On comprend ainsi que, sous réserve d'une intervention du comité d'entreprise, dont on aura compris qu'elle dépend de sa bonne volonté, c'est l'expert qui risque de faire les frais de l'annulation de la décision de l'institution représentative du personnel. Il est à espérer que cela ne constitue pas un obstacle au recours à l'expertise.


(1) Il faut ajouter, à ces deux hypothèses "classiques" de recours à l'expertise, un nouveau cas introduit par la loi n° 2013-504 du 14 juin 2013, relative à la sécurisation de l'emploi (N° Lexbase : L0394IXU), en présence d'un projet de restructuration et de compression des effectifs au sens de l'article L. 2323-31 (N° Lexbase : L5624KGE) (C. trav., art. L. 4614-12-1 N° Lexbase : L5658KGN). Sur ces différentes cas de recours à l'expert, v.

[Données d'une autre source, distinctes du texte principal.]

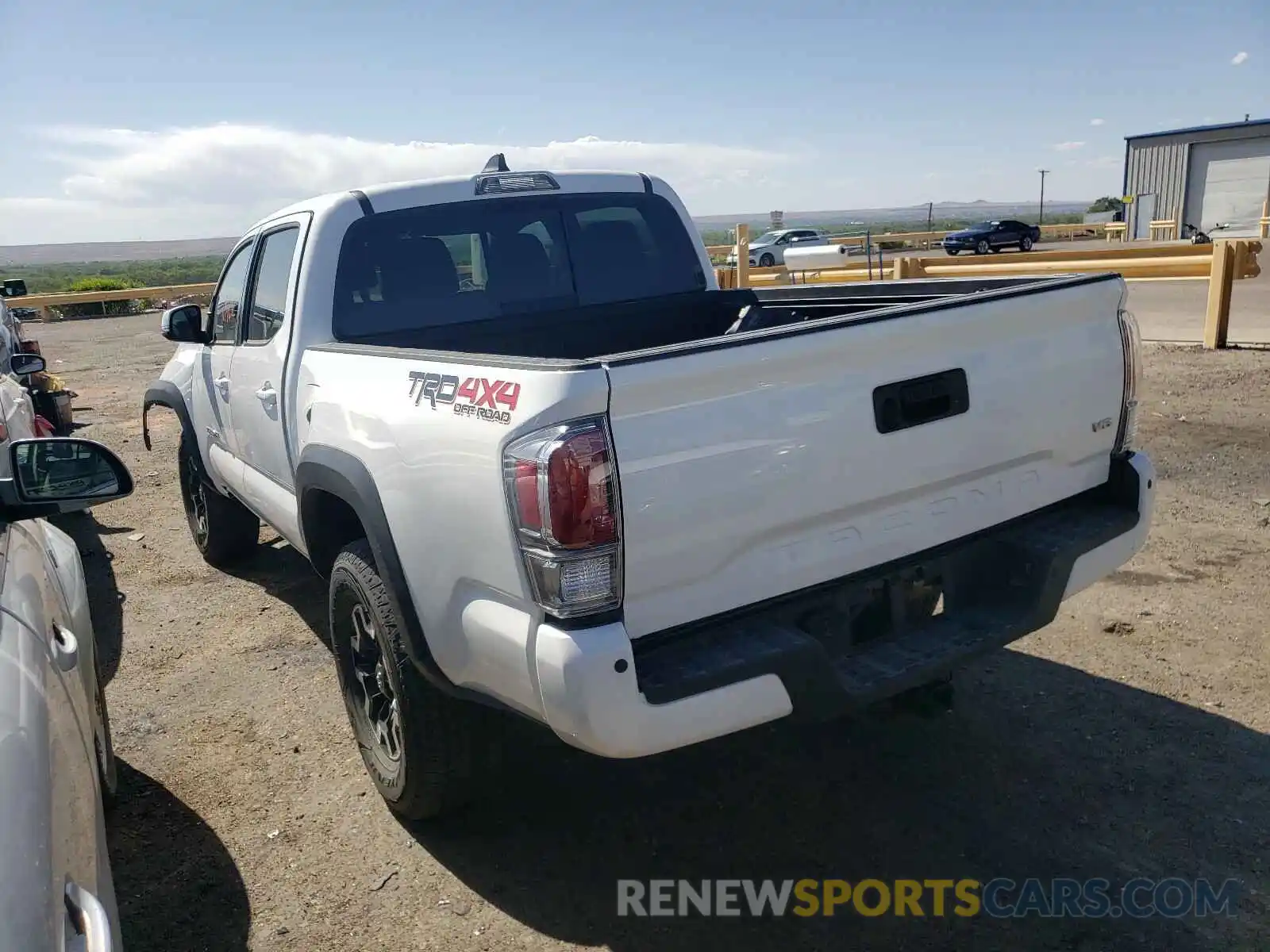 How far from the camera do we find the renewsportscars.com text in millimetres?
2805

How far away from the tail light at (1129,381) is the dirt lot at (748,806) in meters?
1.13

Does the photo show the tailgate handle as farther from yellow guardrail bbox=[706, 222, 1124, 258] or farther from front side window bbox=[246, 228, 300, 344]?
yellow guardrail bbox=[706, 222, 1124, 258]

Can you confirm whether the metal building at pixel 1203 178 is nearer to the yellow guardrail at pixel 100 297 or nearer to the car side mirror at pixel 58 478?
the yellow guardrail at pixel 100 297

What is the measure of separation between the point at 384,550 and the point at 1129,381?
249 centimetres

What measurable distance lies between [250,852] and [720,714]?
1883 mm

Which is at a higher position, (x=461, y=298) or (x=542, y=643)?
(x=461, y=298)

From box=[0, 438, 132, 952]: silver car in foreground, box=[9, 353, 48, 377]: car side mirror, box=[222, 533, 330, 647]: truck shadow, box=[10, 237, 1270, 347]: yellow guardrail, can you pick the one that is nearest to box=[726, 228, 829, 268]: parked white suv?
box=[10, 237, 1270, 347]: yellow guardrail

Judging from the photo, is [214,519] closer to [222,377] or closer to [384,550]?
[222,377]

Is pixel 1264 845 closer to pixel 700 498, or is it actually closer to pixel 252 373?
pixel 700 498

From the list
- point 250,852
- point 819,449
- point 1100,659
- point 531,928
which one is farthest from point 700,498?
point 1100,659

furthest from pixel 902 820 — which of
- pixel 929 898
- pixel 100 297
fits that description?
pixel 100 297

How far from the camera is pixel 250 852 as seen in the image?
11.0 ft

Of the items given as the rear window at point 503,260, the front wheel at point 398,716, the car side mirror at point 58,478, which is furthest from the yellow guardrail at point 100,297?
the car side mirror at point 58,478

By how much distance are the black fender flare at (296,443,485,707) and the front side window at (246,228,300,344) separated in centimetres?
116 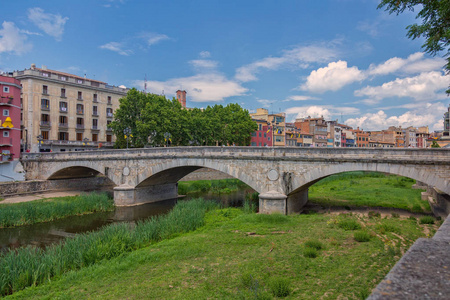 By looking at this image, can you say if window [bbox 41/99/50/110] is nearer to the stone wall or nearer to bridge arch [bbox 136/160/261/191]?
the stone wall

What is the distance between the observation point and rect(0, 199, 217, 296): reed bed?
1213cm

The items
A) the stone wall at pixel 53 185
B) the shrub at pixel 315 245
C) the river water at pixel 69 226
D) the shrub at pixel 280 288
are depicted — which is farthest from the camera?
the stone wall at pixel 53 185

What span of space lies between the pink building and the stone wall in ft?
14.3

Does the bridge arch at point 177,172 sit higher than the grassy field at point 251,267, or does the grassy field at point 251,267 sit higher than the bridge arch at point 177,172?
the bridge arch at point 177,172

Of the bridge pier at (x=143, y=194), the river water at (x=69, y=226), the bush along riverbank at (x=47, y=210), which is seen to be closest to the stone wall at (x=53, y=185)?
the bush along riverbank at (x=47, y=210)

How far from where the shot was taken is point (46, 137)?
51.1m

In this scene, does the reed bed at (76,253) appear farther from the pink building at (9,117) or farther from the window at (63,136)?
the window at (63,136)

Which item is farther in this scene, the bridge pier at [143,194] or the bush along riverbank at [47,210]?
the bridge pier at [143,194]

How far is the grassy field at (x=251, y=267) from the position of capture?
984cm

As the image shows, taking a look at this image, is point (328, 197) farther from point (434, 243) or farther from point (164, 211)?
point (434, 243)

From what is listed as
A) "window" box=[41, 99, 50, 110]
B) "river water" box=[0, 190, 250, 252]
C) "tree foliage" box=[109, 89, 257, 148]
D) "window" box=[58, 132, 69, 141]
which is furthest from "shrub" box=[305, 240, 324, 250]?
"window" box=[41, 99, 50, 110]

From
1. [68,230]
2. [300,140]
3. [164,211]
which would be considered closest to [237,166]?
[164,211]

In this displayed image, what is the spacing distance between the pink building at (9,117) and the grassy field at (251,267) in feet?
101

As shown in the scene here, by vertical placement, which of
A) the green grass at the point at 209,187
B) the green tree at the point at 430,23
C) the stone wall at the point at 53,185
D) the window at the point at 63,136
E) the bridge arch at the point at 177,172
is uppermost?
the green tree at the point at 430,23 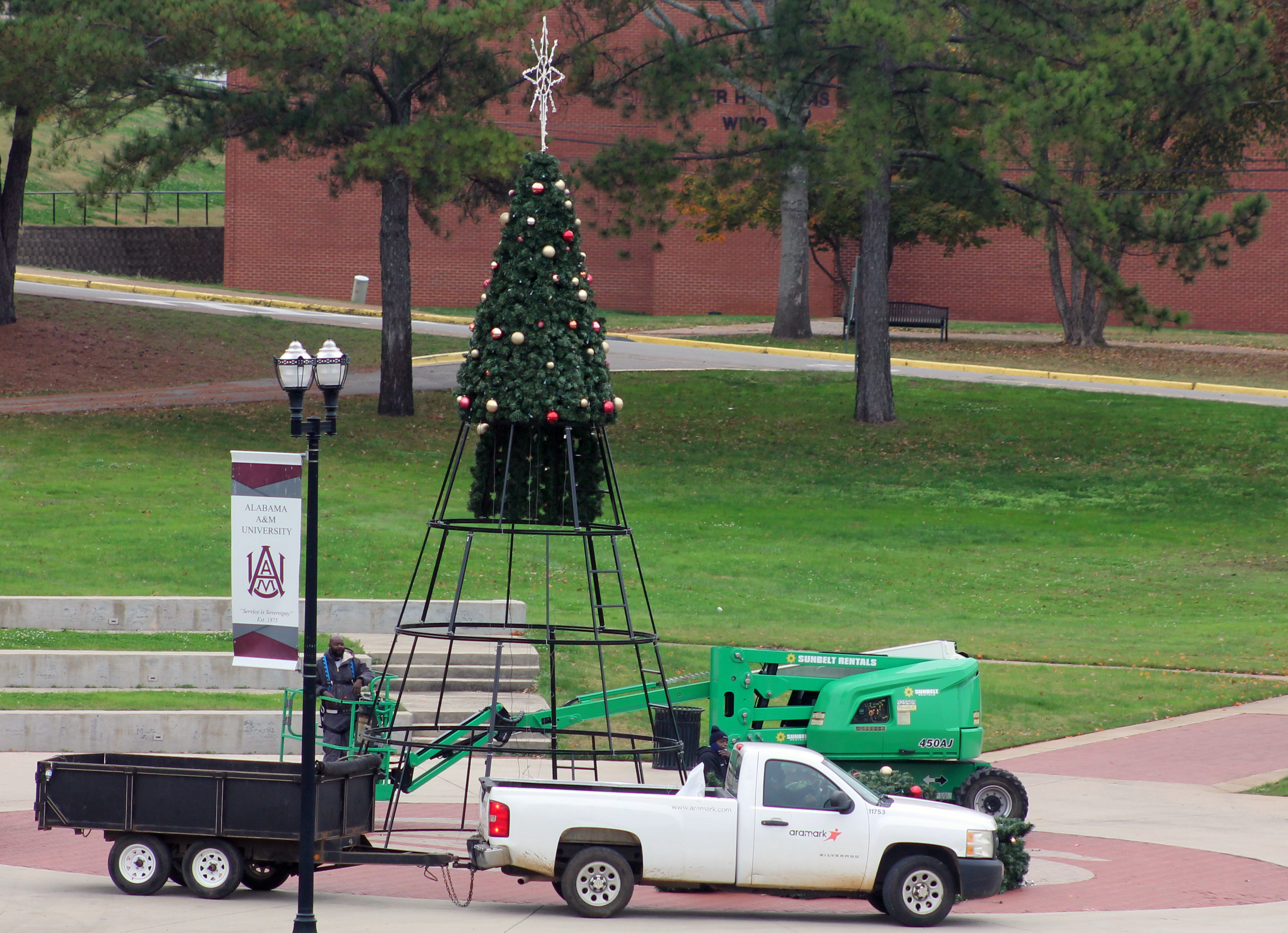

G. Loiseau, L. Pécaut-Rivolier et P.-Y. Verkindt, Le guide du CHSCT, D., 2015-2016, pp. 429 et s..
(2) A tout le moins lorsque le comité a recours à l'expert-comptable dans les cas énumérés par la loi (C. trav., art. L. 2325-35 N° Lexbase : L5643KG4).
(3) Contestation d'autant plus envisageable que les cas de recours à l'expertise énumérés par l'article L. 4614-12 du Code du travail laissent une place certaine à l'interprétation. On ne saurait, pour autant, en faire le reproche au législateur et exiger de lui qu'il fournisse une liste plus précise de ces cas de recours. Comment, en effet, raisonnablement envisager tous ces cas ?
(4) Cass. soc., 15 mai 2013, n° 11-24.218, FS-P+B (N° Lexbase : A4989KD7), Bull. civ. V, n° 125 ; JCP éd. S, 2013, 1324, note J.-B. Cottin.
(5) Ce qui ne signifie pas que le CHSCT n'est pas doté d'un patrimoine, compte tenu du fait qu'il est titulaire de la personnalité juridique, ainsi que l'a admis la Cour de cassation dans un arrêt rendu le 3 mai 2015 : Cass. soc., 3 mai 2015, n° 13-26.258, FS-P+B (N° Lexbase : A9066NCR) et nos obs., Lexbase, éd. soc., n° 605, 2015 (N° Lexbase : N6458BUQ).
(6) "Les frais d'expertise sont à la charge de l'employeur".
(7) "L'employeur qui entend contester la nécessité de l'expertise, la désignation de l'expert, le coût, l'étendue ou le délai de l'expertise, saisit le juge judiciaire".
(8) Cons. const., décision n° 2015-500 QPC, 27 novembre 2015 (N° Lexbase : A9179NXA) et les obs. de D. Boulmier, Lexbase, éd. soc., n° 637, 2015 (N° Lexbase : N0436BW3).
(9) J.-G. Huglo, entretien avec F. Champeaux, SSL, 2016, n° 1715, p. 10.
(10) J.-G. Huglo, ibid..
(11) On pourrait encore arguer du fait que cette solution entre en contradiction avec les exigences de l'article 6 de la CESDH (N° Lexbase : L7558AIR). Cela peut cependant être discuté (v. en ce sens l'entretien préc. donné par J.-G. Huglo).
(12) A la vérité, on se demande ce qu'elle aurait bien pu décider et l'on est presque tenté de dire que la Chambre sociale l'a préservée d'une délicate situation...

Décision

Cass. soc., 15 mars 2015, n° 14-16.242, FS-P+B+R+I (N° Lexbase : A2687Q7N)

Cassation partielle (CA Bourges, 23 janvier 2014, statuant sur renvoi après cassation : Cass. soc., 15 mai 2013, n° 11-24.218, FS-P+B N° Lexbase : A4989KD7).

Textes visés : Constitution, art. 62 (N° Lexbase : L0684ANN) et article L. 4614-13 du Code du travail (N° Lexbase : L0722IXZ)

Mots-clefs : CHSCT ; expertise ; annulation de la décision ; paiement par l'employeur ; constitutionnalité.